## WORK REQUEST
Set down every line from the one with "Improving product performance" to the end of the entries, both ends included, exactly as it reads and without pictures.

## Saved entries
•••

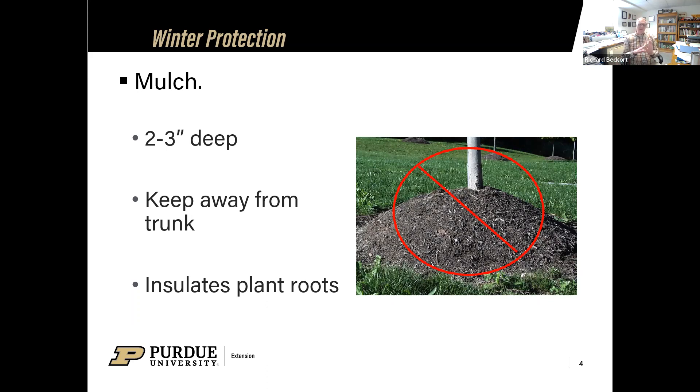Plant roots are typically a little more sensitive to cold temperatures than the top growth and branches, but the soil insulates them. What really damages plant roots is that freeze-thaw-freeze-thaw cycle. If we put that mulch down, it keeps those plant roots at a more steady temperature and protects them throughout the winter. That two to three inches of organic mulch over the root zone area also helps with moisture — it keeps the moisture level more steady and keeps it from evaporating out into the atmosphere.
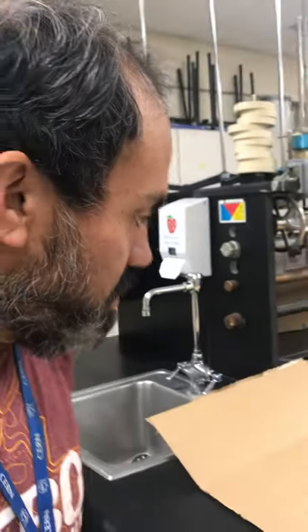Hi guys, it's your physics teacher. I'm going to show you how to build one of these relief drop payload shoot-for-the-target-zone setup things.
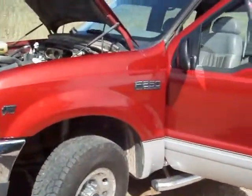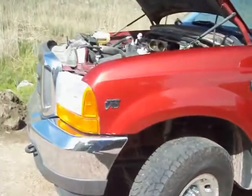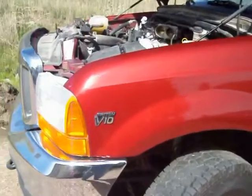Here we are back at my Ford F-250 Super Duty, the one with the Triton engine in it, V-10 — blew a spark plug.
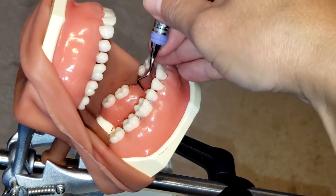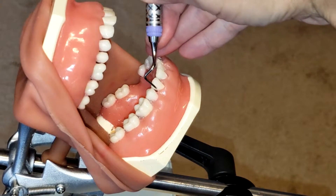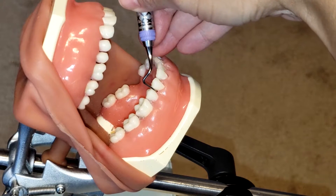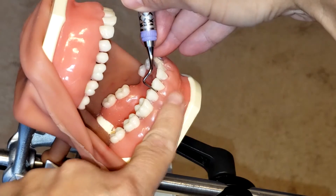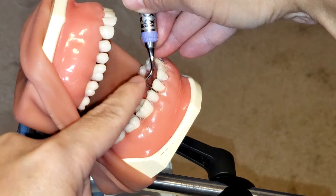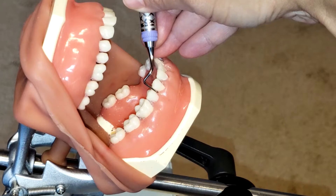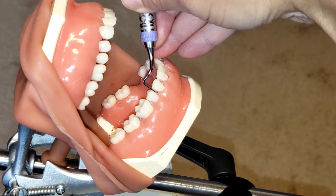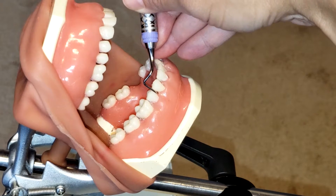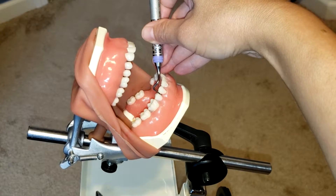Now let's get to it. With this instrument you want to make sure that you are establishing the correct working end. To do so, you will start by placing the instrument between the two premolars — you can use that as your guide. You'll see that the lower shank is parallel to the long axis of the tooth, but it creates a right angle on the distal aspect of the first premolar. That is how you know that is the correct working end, with the handle outward.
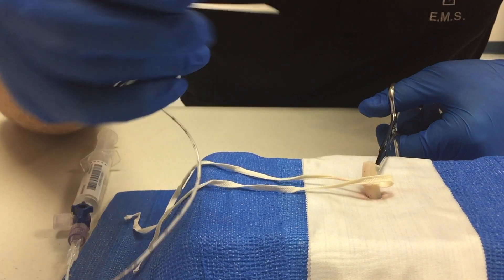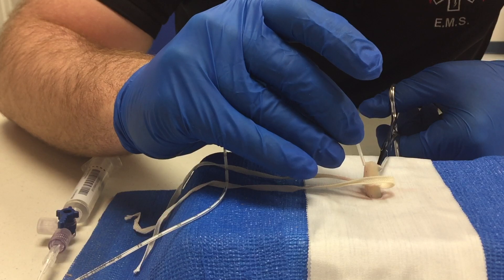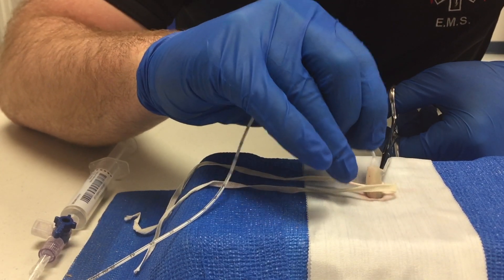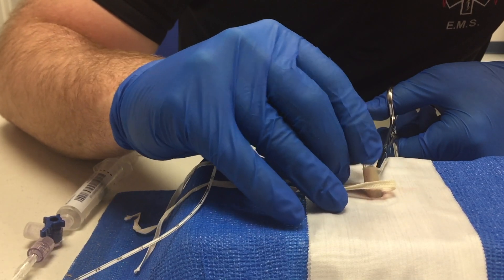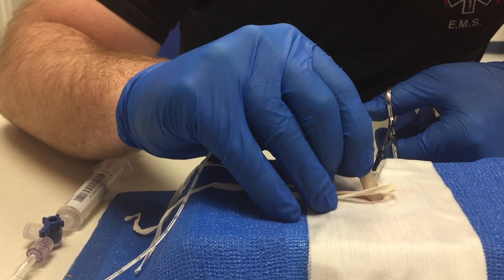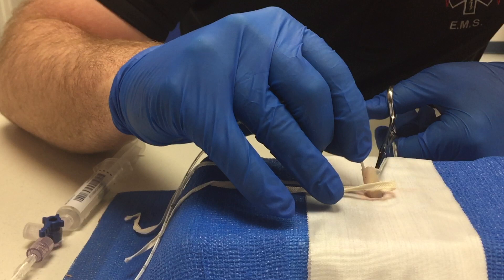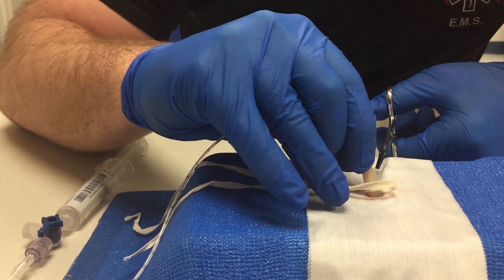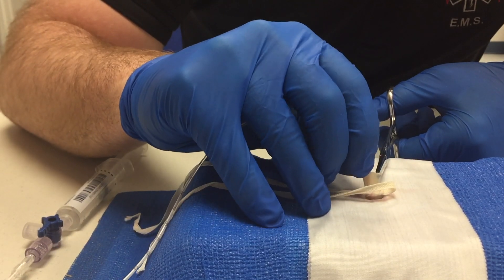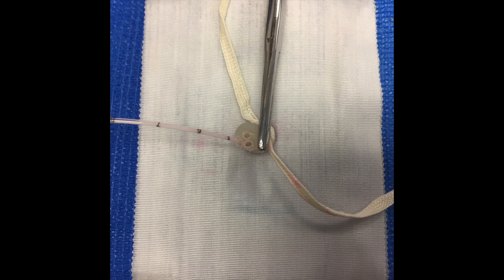The depth of insertion is approximately three to four centimeters. Note that on the catheter the first mark is at five centimeters. Note the five centimeter mark and the insertion depth of four centimeters.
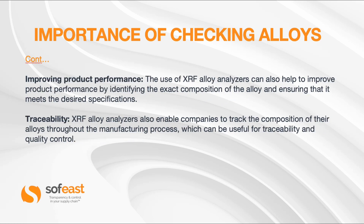Improving product performance is another benefit — by identifying the exact composition of the alloy and ensuring it meets the desired specification. And traceability is an area where I've personally used this product extensively. XRF alloy analyzers enable companies to track the composition of their alloys throughout the manufacturing process, which is especially useful for traceability and quality control on safety-critical components.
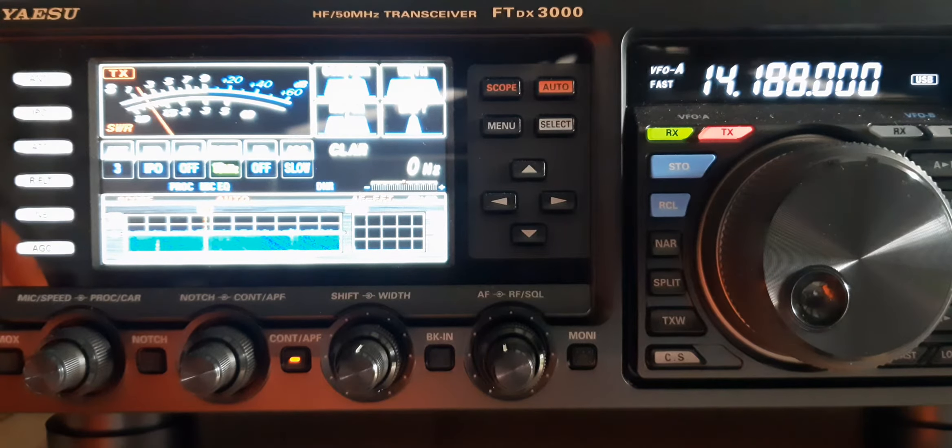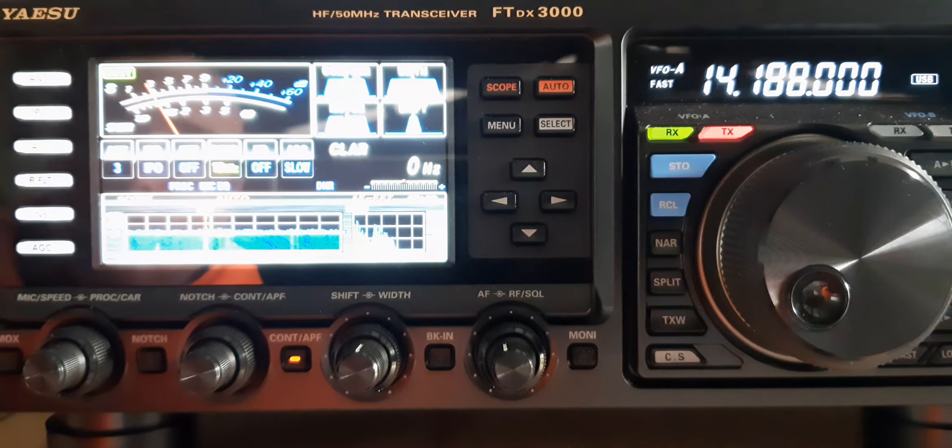My name is Dave, Delta Alpha Victor Echo, and I'm in the city of Adelaide, capital city in the state of South Australia. I'm running a Yaesu FTDX3000, 100 watts, and the antenna is a hex beam, and you're 5 and 5, 55. QSL? Roger, roger, QSL.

•••

## RESPONSE TO THE EXERCISE
Improving product performance is another benefit — by identifying the exact composition of the alloy and ensuring it meets the desired specification. And traceability is an area where I've personally used this product extensively. XRF alloy analyzers enable companies to track the composition of their alloys throughout the manufacturing process, which is especially useful for traceability and quality control on safety-critical components.
My name is Dave, Delta Alpha Victor Echo, and I'm in the city of Adelaide, capital city in the state of South Australia. I'm running a Yaesu FTDX3000, 100 watts, and the antenna is a hex beam, and you're 5 and 5, 55. QSL? Roger, roger, QSL.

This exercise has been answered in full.